Sangue e indizi nascosti tra i fiordi
I gialli di Mankell&Co. smontano il mito della Svezia-paradiso
Henning Mankell ha tutte le carte in regola per permettersi di utilizzare le prime dodici pagine del suo libro, L’uomo inquieto, come semplice preambolo. Non ha bisogno di chiedere scusa o spiegare tantissime cose al lettore. Le sue sono vere e proprie partenze a strappo. Apparentemente lontane dalla storia principale. Che in realtà inizia poco dopo, così: « Al compimento del cinquantacinquesimo anno, Kurt Wallander, con sua grande sorpresa, riuscì a realizzare un sogno che aveva portato dentro di sé per molto tempo » . Allo stesso modo delle prime dodici pagine del libro — seconda uscita della collana “Giallo Svezia”, in edicola con il Corriere della Sera e La Gazzetta dello Sport dal prossimo 6 agosto a 7,90 euro, escluso il costo del quotidiano — anche la figura del commissario di polizia, Wallander, è presentata “a strappo”. Il motivo? Tutti gli investigatori sono dei tipi un po’ burberi, dallo sguardo duro e di poche parole. Ci aiuta anche la faccia dell’attore Kenneth Branagh, interprete di Wallander in una celebre e recente fiction televisiva, a farci un’idea del personaggio. Ma siamo proprio sicuri che l’intento di Mankell, quel suo mododi presentarci personaggi e situazioni, sia proprio quello di non fare sconti a nessuno? A sentire ciò che lo stesso Mankell, l’autore svedese più tradotto nel mondo dopo Stieg Larsson, pensa del suo Wallander, verrebbe più di un sospetto: « Se devo trovare dei punti di contatto tra me e il commissario, direi che ad entrambi piace lavorare molto, che abbiamo la stessa età, e che siamo appassionati di Opera lirica » . Tutto qui? Niente affatto. Il mondo dei gialli è affascinante proprio per le sue infinite sfumature. E il commissario della città di Ystad non fa certo eccezione. Perché da quelle parti, dove noi lettori, così distanti dalle latitudini scandinave, immaginiamo che le giornate trascorrano tranquille e senza affanni, il delitto regna sovrano. « L’idea che i Paesi scandinavi siano un paradiso, con uno Stato sociale che funziona, è un mito: da dove venga questa idea di paradiso? Sicuramente non da noi » , ha ricordato lo stesso Mankell, un po’ sornione, intervistato in Italia poco più di un anno fa, dopo aver ricevuto il premio Raymond Chandler al Courmayeur Noir Festival.

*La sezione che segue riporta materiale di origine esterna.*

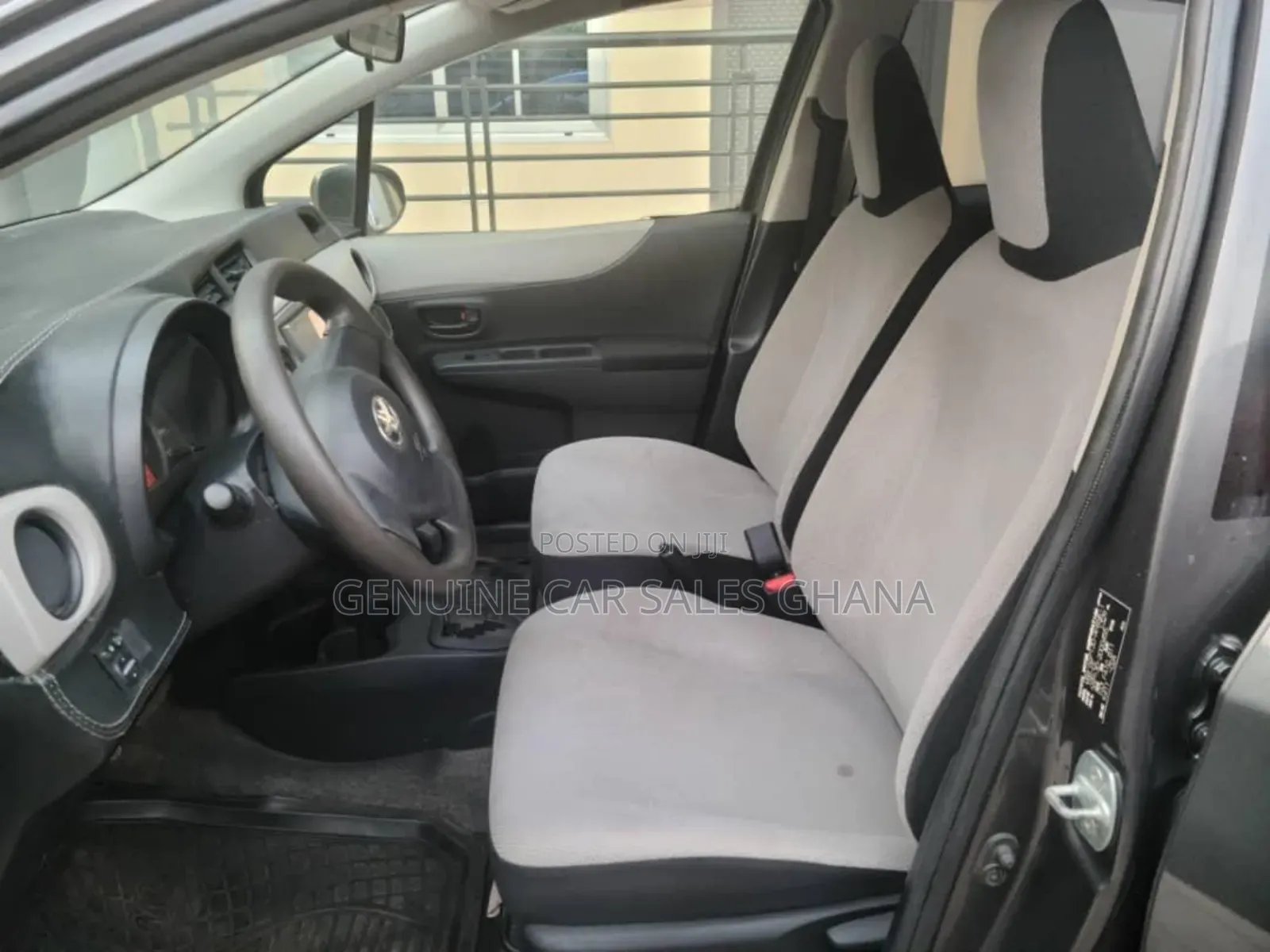 Toyota Vitz 2012 Silver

Solitudine “alla Bergman”. E ha ragione da vendere, Mankell, nato sessantasette anni fa a Stoccolma. Il romanzo giallo, tra noir e poliziesco, esplode in Svezia già a partire dagli anni Sessanta con il delitto al centro del racconto nella serie del commissario Martin Beck di Stoccolma, scritta dalla coppia Maj Sjöwall- PerWahlöö. Poi, sarà la volta dei grandi nomi, quelli della seconda o terza generazione del giallo scandinavo e tutti presenti nella collana del Corriere: da Mankell, appunto, alla Camilla Läckberg— il cui La principessa di ghiaccio è da ieri in edicola — da Leif GW Persson a Stieg Larsson, al quale spetta chiudere i quindici romanzi di Giallo Svezia. Il bello di questa traccia del mistero tra fiordi e metropoli, lasciata nel bel mezzo del secolo scorso dalla coppia Maj Sjöwall-Per Wahlöö, è che ciascun autore è diverso dall’altro. Mankell, per esempio, è abilissimo nel descrivere la solitudine del protagonista, Wallander. Una solitudine poco rumorosa, ma che fa male profondamente, giorno dopo giorno. Non a caso, le pagine de L’uomo inquieto — giocato intorno alla scomparsa di Håkan von Enke, ex ufficiale di marina e prossimo suocero dello stesso KurtWallander — ricordano moltissimo le riflessioni sul senso dell’esistenza umana descritte nel cinema dal regista Ingmar Bergman, del quale Mankell ha sposato la figlia. Corsi e ricorsi della vita. Tra delitti, realtà e immaginazione.